異世界に召喚されたんですけど、スキルが「資源ごみ」だったので隠れて生きたいです

新田 安音(あらた あのん)

文字の大きさ
上 下
115 / 172
第二部 根を張り始めた私

雪に閉ざされて

しおりを挟む
冬が厳しいということは聞いていた。なんせ、冬にこっちに来てたら死んでいたかもしれないと神々に心配されたくらいだもの。

エレンさんにもリジーさんにも、何度も「冬の間私たちと暮らす?」と聞かれたりなんかもしていた。
だから、わかっていた。

っていうか、わかったつもりになっていた。

で、今思うんだけど……死ぬわ!これ!
普通に死ねる。

最初は良かったのだ。
何もかも目新しかったし、色々準備もしたし、それなりに自信だってあった。
一人暮らしも長かったし、冬の間、のんびり色々するのもいいな、とか、思ってた。

思ってたんだけど!!!

間違ってました。

もう、本当。
冬を甘く見てました。

吹雪が下手したら数日続くし、ちょっと雪かきしないと閉じ込められそうな怖さがあるし、つららがめちゃくちゃ育ってるし、すごい……

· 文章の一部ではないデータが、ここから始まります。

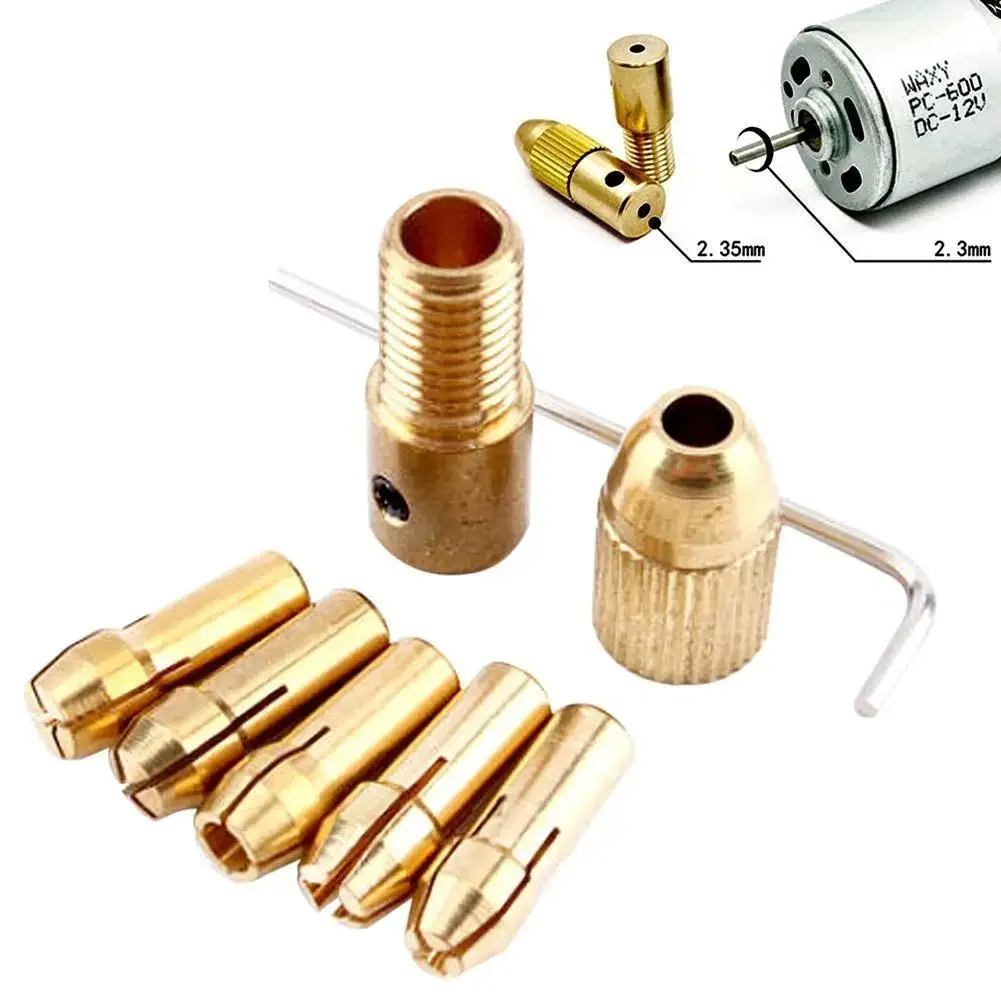 0.5-3mm Fixture Table Clamp Motor Electric Drill Set Micro Twist Chuck Tool Set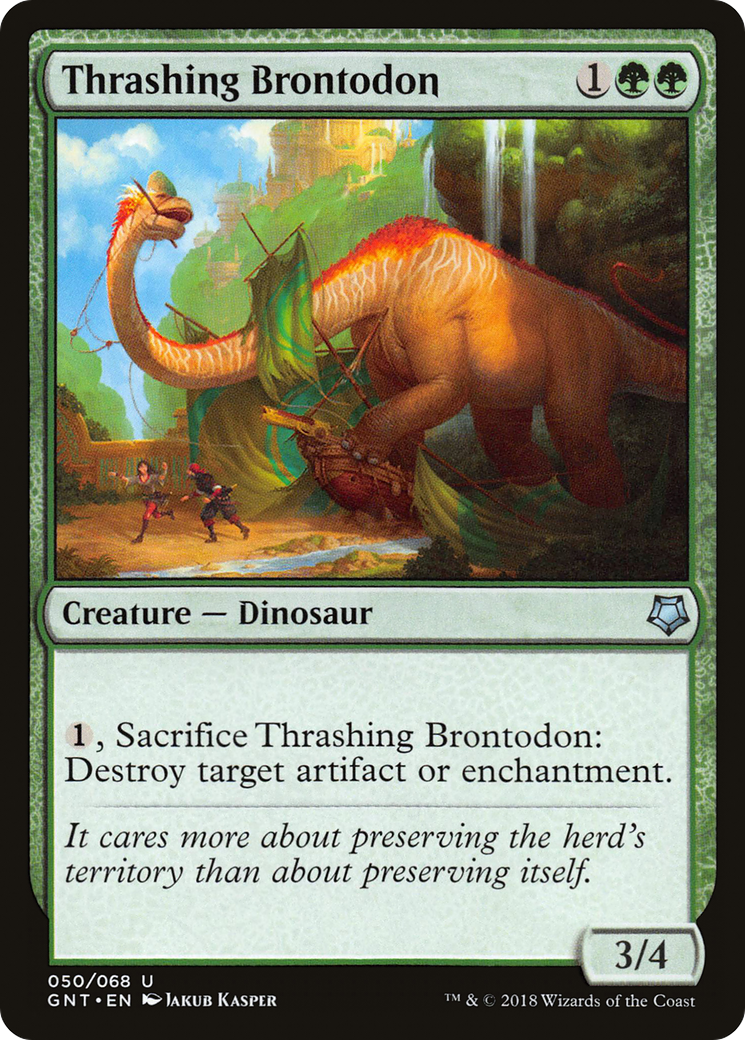 Thrashing Brontodon (GNT-050)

前世は関東育ちだったから、そもそも私には雪国生活のノウハウがない。
マージョの「知識」を何度も確認しながら生活しているから、「何か見落としてるかも……」って、妙に心配したりもしてる。
気づかないうちに雪に潰されて家ごと崩壊して死ぬとかありそう……!

「そんなに心配しなくてもお前は簡単には死なぬぞ」
冬の始め、気をもんでいる私にアーロンは、そう言ってくれた。

そっか……。私、ちゃんとできてるのかな……。
毎日雪かきしてるしな……
なんて、ちょっと前向きになったら、アーロンに叩きのめされた。

「いや、そうではなく、この家が半聖域化してるからだな」

げふん。
私の頑張りは関係なかったよ!

「まあ、そうそう簡単に一酸化炭素中毒にはならないだろうな」

あー。そっか。



一酸化炭素中毒は確かに危ないだろうな。煙突もあるし、隙間風もあるけど、雪で全ての隙間が埋められたら、確実にありそうだ。



スタンピードランチの後は「お家が一番」なんて思ってたけど、家から出ることがあまりできないというのも辛い。
庭に出るのもなかなか大変なのだ。

ただでさえ狭い家なのに、窓からあまり明かりも入らずに暗いし、防寒頑張ったけどやっぱり寒いし、外の音も雪が吸ってしまって静かだし……。


寒くて暗くて食べ物も似たようなものが続く。


「飽きる……!」

お一人様が好きだなんて言っていた前世はネットもあればコンビニもあって、確かに生活は一人でも色々と「つながって」いたんだな……。


今!とりあえず!大声で!叫びたい!

生まれて初めて一人暮らしがさみしいと思ってます!!


読む本もなくて、手芸を見せる相手もアーロンだけで、私は完全に煮詰まっていた。

「アーロンがいて良かった……」
「……私はお前の話し相手ではないのだが……」
「ひどい……そんなこと、言わないで……」

すんすんと泣きながらスキルを発動させ、「ご自由にお取り下さい」と日本の道端に置かれている家庭菜園の収穫物を探す。
季節がズレているせいか、見つかるのは、ナス……そして、ゴーヤ、ゴーヤ、ゴーヤ……ごくまれにモロヘイヤ……。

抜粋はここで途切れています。